Nunca le hablé hasta aquella mañana de junio al cerrar su trampa apretando con violencia mi dedo meñique, cuando palpaba el envés de una de sus hojas. La planta liberó mi dedo al advertirle que le rociaría agua salada. Entonces, le hablaba a menudo, le contaba de Marcela, de lo linda que se veía leyéndome poemas; a veces le platiqué de cosas absurdas: mi deseo de aniquilar a todos los poetas por su incuestionable inutilidad en una sociedad; mi deseo de ver entrar a Marcela por la puerta y de puntillas; de mis ganas de partirme en diez en brazos de Marcela justo a la mitad del opus dieciocho de Chopin. Incluso a veces le leí cuentos, pero jamás poemas. La planta nunca toleró los poemas. Una vez lo hice y paró sus pelos en posición de ataque. Desde entonces, nunca más le recité ni los más simples versos.
Me compré una enciclopedia para estudiar su morfología y su ciclo biológico: un lóbulo lo cierra hasta tres veces en toda su vida, en ocasiones sólo una o dos si atrapa presas venenosas, en particular las hormigas rojas. Por eso nunca la dejé sola mientras tomaba oxígeno en las mañanas.

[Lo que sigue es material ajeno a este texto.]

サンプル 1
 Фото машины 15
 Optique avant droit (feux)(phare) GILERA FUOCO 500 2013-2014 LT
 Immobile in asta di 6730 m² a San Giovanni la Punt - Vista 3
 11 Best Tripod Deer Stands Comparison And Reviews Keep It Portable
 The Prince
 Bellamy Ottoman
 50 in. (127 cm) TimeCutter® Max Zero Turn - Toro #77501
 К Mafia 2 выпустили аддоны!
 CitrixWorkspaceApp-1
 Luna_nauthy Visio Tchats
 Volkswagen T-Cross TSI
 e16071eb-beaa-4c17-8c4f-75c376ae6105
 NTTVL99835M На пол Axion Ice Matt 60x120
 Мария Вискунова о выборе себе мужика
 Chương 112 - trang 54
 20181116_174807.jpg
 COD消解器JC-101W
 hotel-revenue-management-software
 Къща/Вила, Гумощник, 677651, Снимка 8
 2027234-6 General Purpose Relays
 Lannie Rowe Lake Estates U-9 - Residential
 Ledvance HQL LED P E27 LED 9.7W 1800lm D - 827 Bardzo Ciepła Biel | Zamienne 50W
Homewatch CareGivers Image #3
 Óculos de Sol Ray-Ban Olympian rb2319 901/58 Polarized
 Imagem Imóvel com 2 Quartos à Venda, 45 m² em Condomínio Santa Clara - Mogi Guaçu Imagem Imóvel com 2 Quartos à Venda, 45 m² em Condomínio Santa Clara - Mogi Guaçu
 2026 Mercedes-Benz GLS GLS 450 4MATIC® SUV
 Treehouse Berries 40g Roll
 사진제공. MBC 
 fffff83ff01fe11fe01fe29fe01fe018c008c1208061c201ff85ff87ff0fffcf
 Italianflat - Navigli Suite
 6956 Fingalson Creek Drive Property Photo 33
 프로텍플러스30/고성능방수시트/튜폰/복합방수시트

Un domingo de julio, durante el desayuno, la planta me pidió una larva con características especiales. Tengo rato sin probarlo, me dijo.
Me tomó dos horas con quince minutos encontrar el insecto.
Al colocar la presa en la trampa, con un fugaz movimiento, afianzó al bicho con sus bordes peludos. Pensé en lo sofisticado de sus impulsos eléctricos.

Las pequeñas gotas de enzimas en sus bocas coloradas revelaron su estado de satisfacción. Era feliz. Casi sonreía.
Semanas después me pidió otro bicho de la misma especie. No tuve remedio.

Esta vez no fue diferente, se lo comió rápido; casi se lo tragó sin procesarlo. Para entonces era común escuchar sus gritos agudos solicitando comida o reubicación. Llegó el invierno y, era de noche, al disponerme a dormir, escuché su vocecilla chillona… Era inconfundible.

—¡Hace demasiado frío! ¡Tápame o me congelaré! Se expresó de forma altanera.
Me levanté y la coloqué en el guardarropa que antes usó Marcela. Para darle calor, coloqué a su alrededor algunas prendas de Marcela.
Al amanecer ordenó que la llevara de inmediato a la ventana para tomar aire, también me pidió su comida favorita. Lo hice y aunque no me lo dijo, era mi obligación obedecer sus órdenes.
Me sentí sometido. No me di cuenta desde cuándo, pero era evidente su control sobre mi persona. Aquella mañana probé levantar el ánimo escuchando una pieza de Bach desde mi ordenador, pero ella ordenó quitar mi música. No quería ruido, así me lo hizo saber.

Casi me sentí estúpido y me dieron ganas de empujarla de la ventana. En cuestión de minutos se iba a marchitar y en un par de horas iba a estar disecada y sin vida, pero no lo hice; la pobre no llegó sola a mi casa. Alguien la metió en una maceta, lejos de su hábitat natural. Recapacité.
No tardó mucho en pedirme su larva favorita cada tercer día y el doble de cantidad de agua porque sus órganos habían crecido de forma inusual. Cada vez era más exigente, más grosera y sus órdenes debían cumplirse de inmediato.
Un día me pidió muchas cosas sin la oportunidad de un descanso. Me sentí agotado al final del día. Casi tuve ganas de desmayar; en cambio, la planta parecía tener más energía. Al anochecer, todavía solicitó más prendas de Marcela para cubrirse del frío. Lo hice a duras penas y, por estar al pendiente de ella, no había comido nada además del insecto que de forma casual se introdujo en mi boca antes de cubrirme con abundantes cobertores. Caí en un profundo estado de letargo y he despertado. Al bostezar siento el revolotear de un mosquito en mi boca y unas ganas imperiosas de cerrar mi boca de golpe. ¡Momento!, no es una: al hablar, he notado que ya tengo varias bocas.